Chinese gaming giant Tencent has abandoned the acquisition of Xiaomi-invested gaming phone maker Black Shark, Chinese media outlet 21st Century News reported on Thursday. Luo Yuzhou, CEO of Black Shark, was quoted in the report as saying that the purchase between Tencent and the firm “doesn’t exist, and the firm still has plans for raising money and acquisition.” Founded in 2017, Black Shark is a major gaming phone maker, accounting for 13% of global gaming smartphone markets from 2018 Q2 to 2021 Q1, according to Canalys. [21st Century News, in Chinese]
Technology market analysts Canalys released a report on Wednesday saying that global wearables shipments hit 193 million units in 2021, representing a growth of 4.3% year-on-year, ITHome reports. Apple Watch shipments increased 11.8% to 39 million units last year, accounting for 20% of the global market. Xiaomi saw a 23% yearly fall to 29 million units, largely due to adjustments in product categories. Huawei also saw a fall, with its split with the Honor brand and regulatory struggles in oversea markets resulting in a 40% drop in shipments to 19 million units. Huawei’s share of the domestic market also fell by 25% from 2020 to 2021, but the company still accounts for 30% of the Chinese wearables market, ranking first in 2021 for shipments in its home country. [ITHome, in Chinese]

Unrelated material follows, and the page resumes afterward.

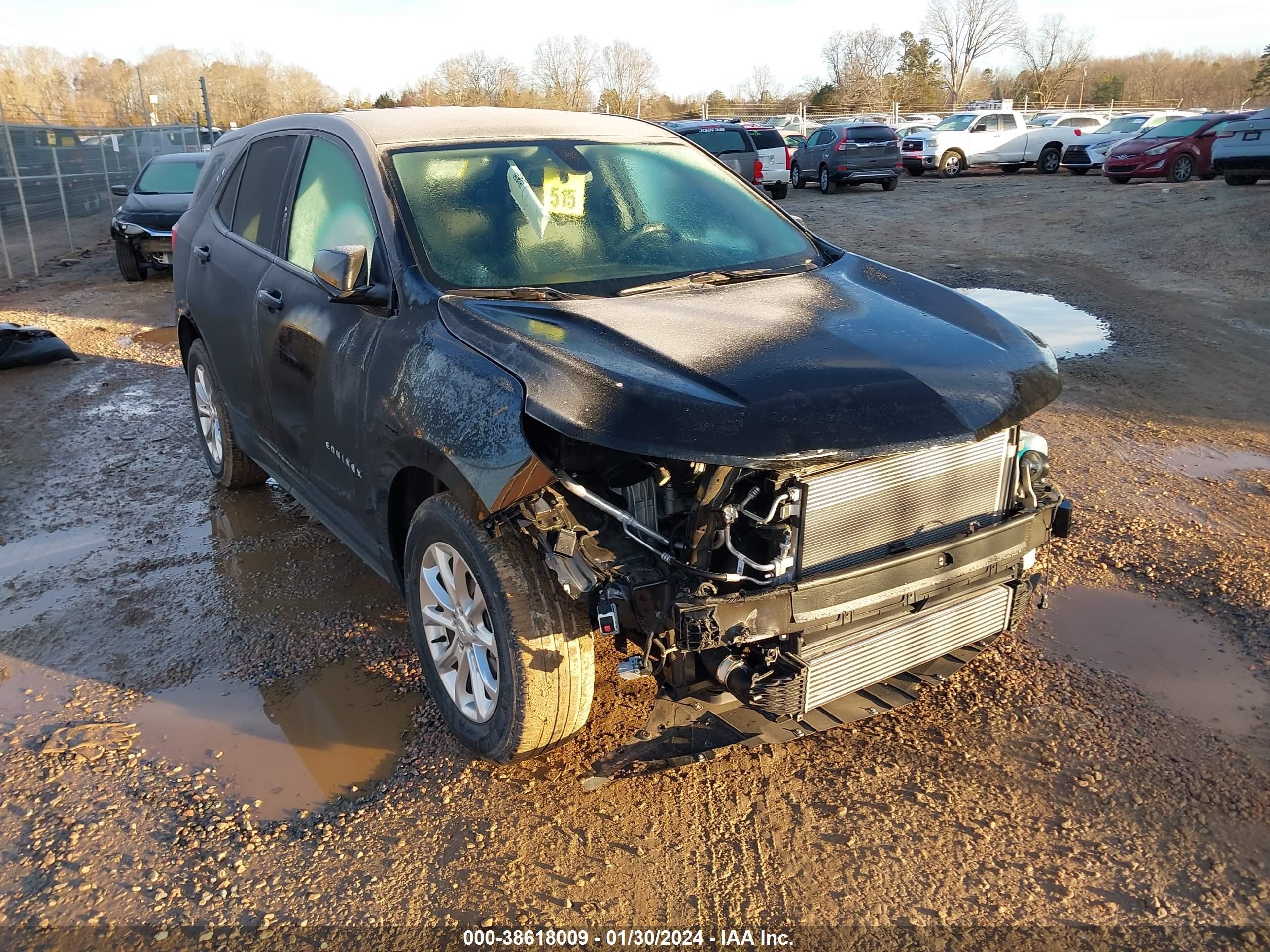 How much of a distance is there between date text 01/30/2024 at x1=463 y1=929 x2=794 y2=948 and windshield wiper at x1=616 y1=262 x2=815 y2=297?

Neil Shen, the founding and managing partner of Sequoia China, is the top Chinese investor on Forbes’ Midas List for the third year in a row, thanks to his bets in ByteDance, Meituan, and Pinduoduo. Fifteen other Chinese names made it into the annual list of the world’s top 100 VC investors, with four of those being women. That’s five fewer Chinese investors than last year. 5Y Capital, formally known as Morningside Venture Capital, has the most Chinese investors on the list. They are Richard Liu (ranked fourth), Fisher Zhang (19th), and Elwin Yuan (78th), thanks to their investment in Xiaomi and Kuaishou. Anna Fang, a partner and CEO of ZhenFund, is the top-rank Chinese female investor, ranking 12th on the list. She led the fund’s investment in Xiaohongshu, Perfect Diary, Horizon Robotics, VIPKID, NiceTuan, and others.
Tencent led a funding round of $100 million for a new electric vehicle startup called Luoke Qiche at the end of 2021, Chinese media outlet 36Kr reported, citing people familiar with the matter. It’s the latest big bet by the Chinese tech giant on the fast-growing EV industry, after it became one of Nio’s biggest investors in 2015. Luoke Qiche was established in late 2020 by Chang Jing, the CEO of Roborock, a Shanghai-listed consumer electronics firm that is backed by smartphone maker Xiaomi. The EV startup is currently carrying out another round of financing at a valuation of $2 billion, the report said. Tencent declined to comment when contacted by TechNode on Tuesday and Luoke was unavailable for comment. [36Kr, in Chinese]
Chinese smartphone maker ZTE launched Axon 40 Ultra on Monday, the third generation of a smartphone that features an under-display camera.
Taiwan-based chip foundry TSMC is expected to overpass semiconductor giant Intel in the second quarter, according to Yahoo Finance estimates.